What Is Speech Recognition?

Automatic Speech Recognition (ASR) software transforms voice commands or utterances into digital information that computers can use to process human speech as input. In a number of varying applications, speech recognition enables users to navigate a voice-user interface or interact with a computer system through spoken directives.

How It Works

Given the sheer number of words in every language as well as variations in pronunciation from region to region, ASR software has a very difficult task trying to understand us.

The software must first transform our analog voice into a digital format. It has to distinguish between words and sounds within words, which it does using phonemes—the smallest elements of any language (e.g., the splits into th and uh).

ASR compares the phonemes in context with the other phonemes around them while also analyzing the preceding and following words, for context. The software uses complicated statistical modeling, such as Hidden Markov Models, to find the likely word.

Some speech recognition systems are speaker-dependent, meaning they require a training period to adjust to specific users’ voices for optimum performance. Other systems are speaker-independent, meaning they work without a training period and for any user.

All ASR systems incorporate noise reduction elements to filter out background noise from actual speech.

Speech Recognition vs. Voice Biometrics

While speech recognition software identifies what a speaker is saying, voice biometrics software identifies who’s speaking.

ASR Systems vs. Speech Recognition Engines

A speech recognition engine is a component of the larger speech recognition system, which uses a speech rec engine, a text-to-speech engine and a dialog manager. A speech recognition engine has several components: a language model or grammar, an acoustic model and a decoder.

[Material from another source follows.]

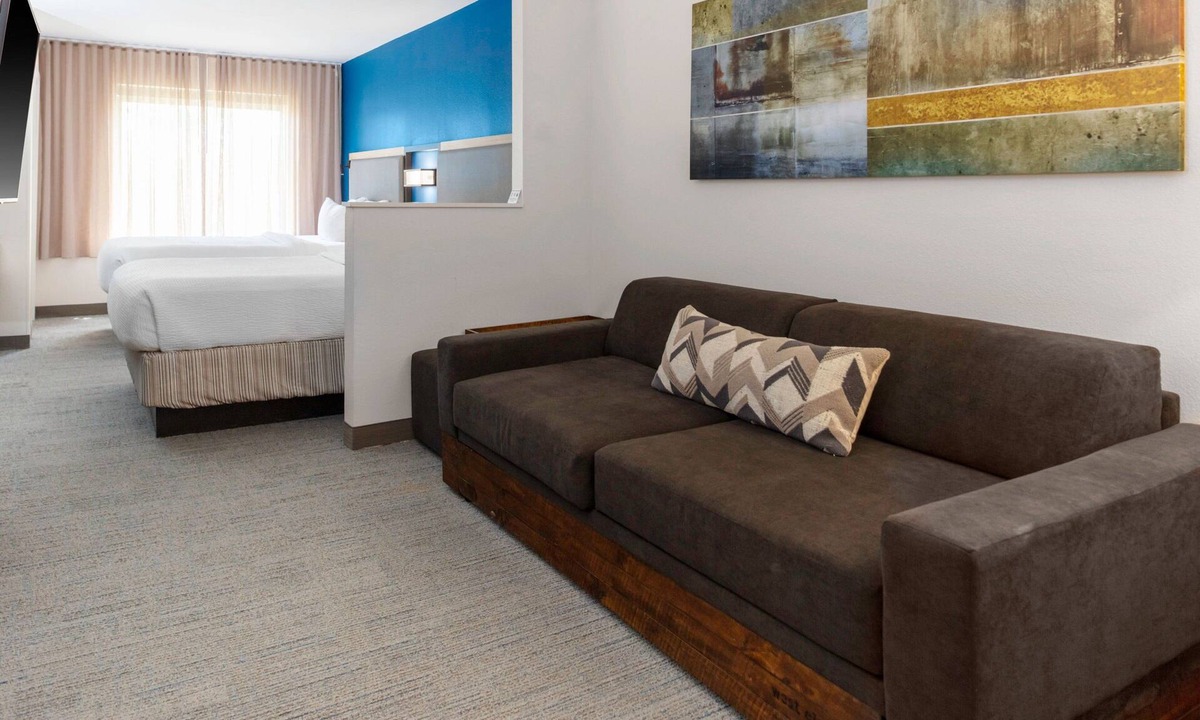 South Baton Rouge Hotel | Springhill Suites By Marriott Baton Rouge South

Speech Recognition Applications

Most visibly, ASR is a key technology in the latest mobile devices with personal assistants (Siri, et cetera) and interactive voice response (IVR) systems that often couple ASR with speech synthesis.

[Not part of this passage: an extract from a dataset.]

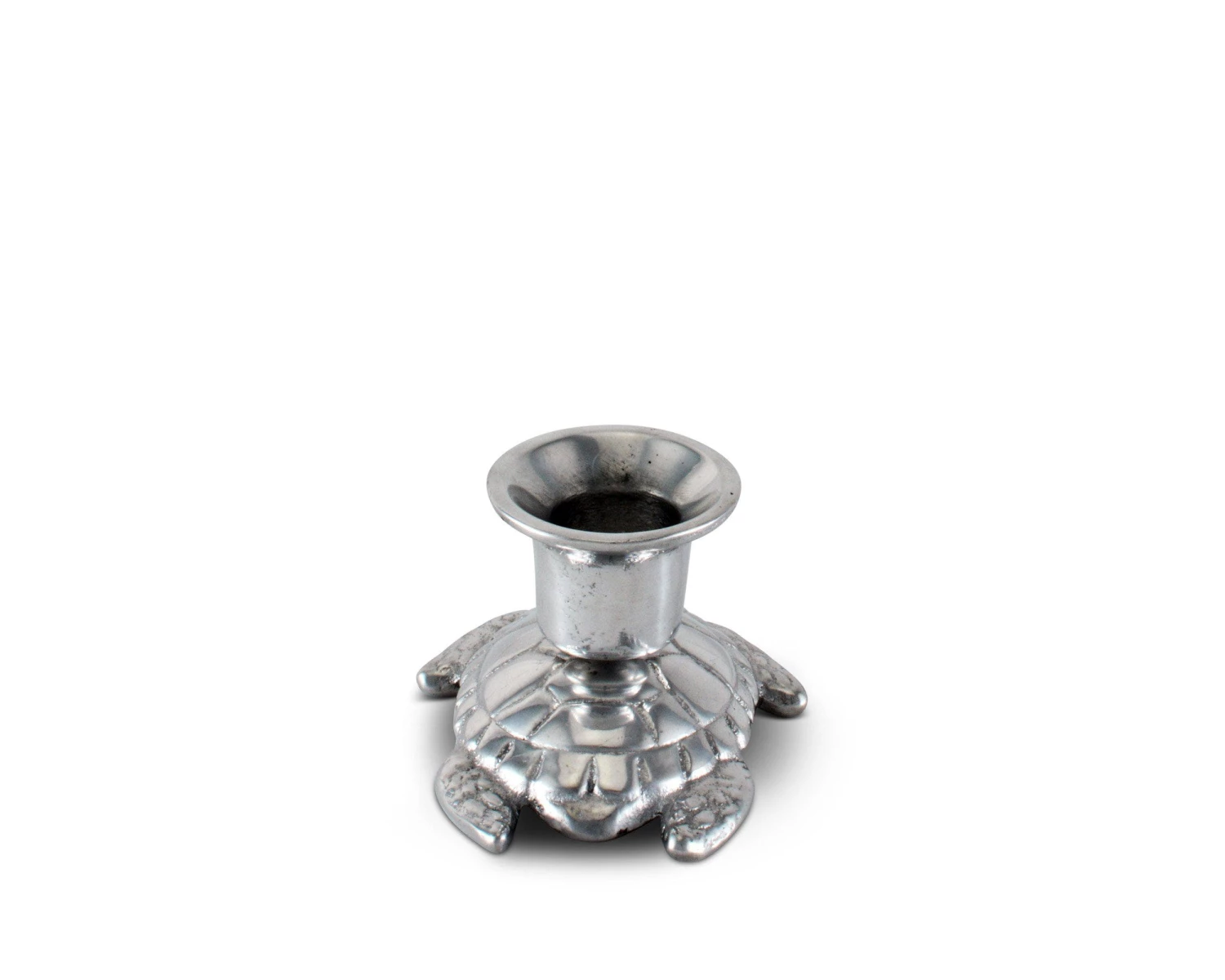 Arthur Court Turtle Candle Holders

Uses include data entry (password for IVR), voice dialing or texting, speech-to-text (dictation), device control (home appliances, et cetera) and direct voice input (voice commands in aviation).

History

Around since the 1960s, ASR has seen steady, incremental improvement over the years. It has benefited greatly from increased processing speed of computers in the last decade, entering the marketplace in the mid-2000s.

Early systems were acoustic phonetics-based and worked with small vocabularies to identify isolated words. Over the years, vocabularies have grown while ASR systems have become statistics-based (Hidden Markov Models). They now have large vocabularies and can recognize continuous speech.